Football

En lutte pour le titre national, Anderlecht et Bruges évoluent sous la pression et perdent quelque peu les pédales. Il existe pourtant des remèdes pour aider à vaincre ce stress. Mais, en Belgique, ils sont pratiquement ignorés. Exemple: l’assistance psychologique

Après avoir mené, des mois durant, une marche autoritaire et euphorique, les clubs d’Anderlecht et de Bruges, en tête du championnat de Belgique, piétinent ou avancent à petits pas. Désormais, ils comptent davantage les points perdus par l’adversaire que ceux qu’ils engrangent eux-mêmes. Subitement, le doute s’est installé dans les rangs. Les jambes tremblent. Mais c’est dans la tête que cela se passe: la peur de gagner et celle de perdre s’y confondent. Trop d’enjeu, trop d’argent, trop de médiatisation, trop de pression.

Certes, on ne peut pas toujours gagner. La réussite permanente, cela n’existe pas. La performance sportive est déterminée par un ensemble de fluctuations. Il faut donc prendre conscience des risques d’usure physique ou psychique qui peuvent diminuer le rendement durant un certain temps. Pour éviter ce mal endémique, bien connu dans le domaine sportif, il importe d’influer sans cesse, le mieux possible, sur tous les éléments qui déterminent la performance: l’entraînement, l’alternance des compétitions, le repos, la diététique ou le mental, qui est l’ensemble des facteurs psychologiques.

Lorsqu’il se trouve confronté, à court ou à plus long terme, à une situation contrariante, le sportif individuel va se ressaisir ou… se planter. Mais il décidera seul. En revanche, dans un sport collectif, comme le football, il existe des possibilités de « déresponsabilisation »: en cas de mauvaise passe, les équipiers les moins capables de réagir peuvent s’appuyer sur d’autres. La force de réaction d’un groupe est, en effet, constituée par l’addition des états psychiques positifs et négatifs de ses membres. Elle se révélera d’autant plus efficace que les dispositions positives seront nombreuses. Mais si chacun compte sur l’autre, il ne se passera évidemment rien. Sauf le naufrage.

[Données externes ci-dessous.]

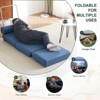PAGED Modern Swivel Accent Chair, Cotton Linen Fabric Arm Chair with Metal Base, Ergonomic Reading Chair for Bedroom, Living Room Furniture - 3 of 4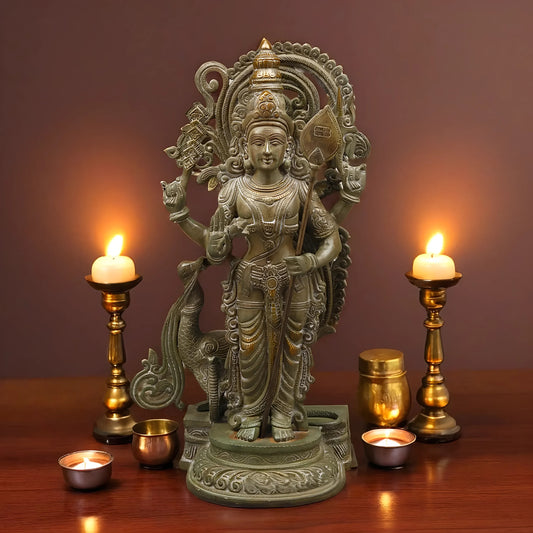 Brassaura™ Kartikeya Murugan Statue – 20 Inches Height, 13.39 Kgs – Exquisite Brass Idol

« En fait, affirme Philippe Godin, professeur de psychologie à l’UCL, avant chaque compétition, le sportif se fait une certaine idée de ce que sera sa performance, individuelle ou collective. Si la réalité ne correspond pas à l’attente, il faut, sous peine de déroute, gérer rapidement ses réactions. » Or ces techniques de réponse s’acquièrent. Comme le footballeur s’entraîne à améliorer sa condition physique et ses qualités techniques, il peut également apprendre à accepter et à gérer différentes situations fâcheuses, où la réalité ne correspond pas à l’idée qu’il s’en faisait. Comment ? Il s’agit d’un travail mental d’assez longue haleine qui doit rendre le sujet capable de se désensibiliser de contextes contraignants en adoptant une réponse adéquate, sur la base de réactions apprises dans des situations identiques ou similaires. L’objectif est de doter ainsi le sportif d’un fond, d’un acquis, dans lequel, en cas de difficulté, il puise la réplique souhaitée, un peu à la manière d’un réflexe conditionné.

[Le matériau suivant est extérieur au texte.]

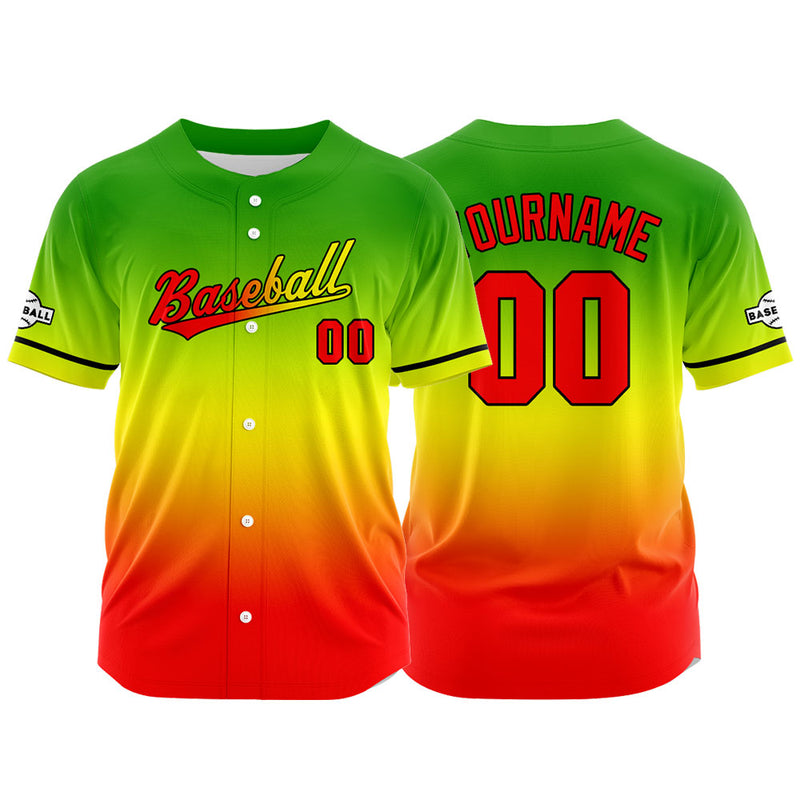 Custom Full Print Design Authentic Baseball Jersey orange-yellow-green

Ce remède qu’enseigne l’assistance psychologique n’est, bien sûr, pas infaillible. Au même titre que l’entraînement physique, tactique et technique, ce soutien n’est qu’un outil faisant partie des multiples facteurs qui déterminent la bonne performance. Et il n’est vraiment rentable que dans la mesure où les autres facteurs le sont également. En aucun cas, la bonne réaction psychologique ne peut, à elle seule, provoquer de miracle. D’autant que cette faculté suppose un apprentissage lent, long et progressif. Idéalement, elle doit être inculquée aux sportifs jeunes, dès l’âge d’une douzaine d’années. Plus tard, le sujet se révèle souvent moins réceptif. « Ou bien, on évolue, alors, déjà dans le sport professionnel, où l’on exige un résultat immédiat. Or il n’existe pas de recette instantannée en la matière », affirme le Pr Godin. Les psychologues du sport ne sont pas des pompiers. D’ailleurs, huit fois sur dix, les expériences ponctuelles s’avèrent des échecs.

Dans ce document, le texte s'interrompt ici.